Cette surcharge visuelle traduit le vertige des personnages, l’opulence malade de leur monde, l’artificialité de leur société. C’est du grand art au service d’un récit – et non l’inverse. Chaque plan est une fresque. Chaque scène, un tableau mouvant où l’ombre et la lumière dansent.
Une adaptation qui ose, trahit, mais magnifie
Oui, Gankutsuou trahit Dumas. Et c’est tant mieux. Elle ose réécrire l’histoire, changer la fin, injecter du fantastique. Mais jamais gratuitement. Chaque entorse au roman original sert un propos, une vision. En faisant du Comte une créature damnée, la série pousse plus loin la logique de la vengeance jusqu’à l’absurde, jusqu’au néant.

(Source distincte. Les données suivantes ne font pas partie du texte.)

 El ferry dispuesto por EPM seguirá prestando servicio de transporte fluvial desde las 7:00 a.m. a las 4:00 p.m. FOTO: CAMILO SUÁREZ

Elle interroge notre rapport à la justice, au pardon, à la transformation. Elle montre que parfois, la métamorphose nous rend méconnaissables – et que tout pouvoir a un prix. Une morale presque christique se dessine : on ne guérit pas la haine par la haine. Et la grandeur d’âme passe peut-être par le renoncement.
Héritage d’un chef-d’œuvre maudit… et magnifique
Vingt ans après, Gankutsuou reste un OVNI. Une œuvre culte, admirée mais trop peu connue. Elle a ouvert la voie à une animation plus audacieuse, plus littéraire, plus expérimentale. Elle a prouvé que l’anime pouvait s’attaquer aux monuments de la littérature occidentale sans trembler, et en sortir grandi.

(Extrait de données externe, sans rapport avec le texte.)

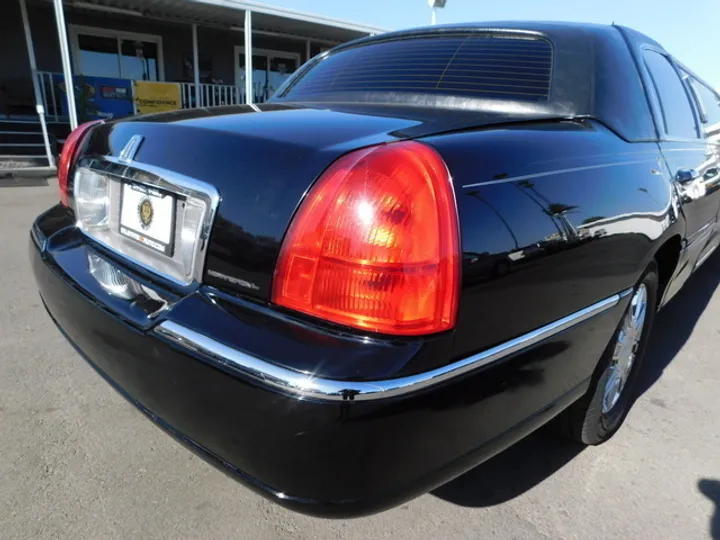 BLACK, 2007 LINCOLN TOWN CAR Image 4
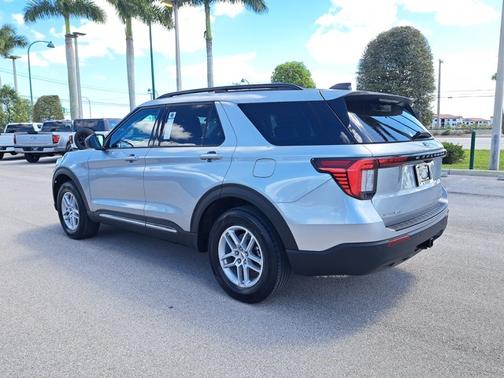 ICONIC SILVER METALLIC 2025 Ford Explorer ACTIVE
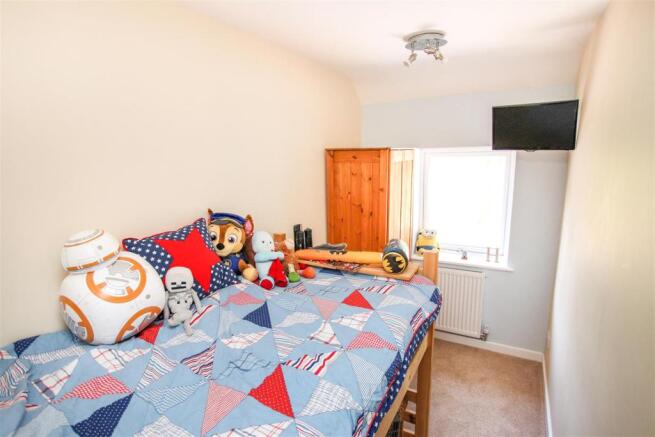 BEDROOM THREE (MIDDLE)
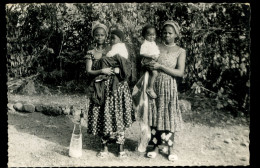 Missions Des Soeurs De La Sainte Famille De La Délivrande En Guinée - Guinée
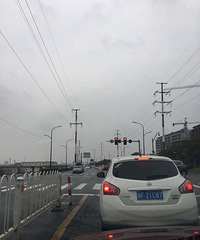 ��ˮ·�³��µ�ˮй��ͨ ̫����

Et surtout, elle nous a offert un Comte de Monte-Cristo inoubliable : mi-ange, mi-démon, perdu dans un labyrinthe d’étoffes dorées et de souvenirs brûlants. Une figure baroque, gothique, sublime… et tragiquement humaine.
Une adaptation n’a pas besoin d’être fidèle pour être magistrale. Il suffit qu’elle sache où elle va, et qu’elle y aille sans compromis. Gankutsuou ne raconte pas seulement une vengeance : il en révèle le prix. Et c’est bouleversant.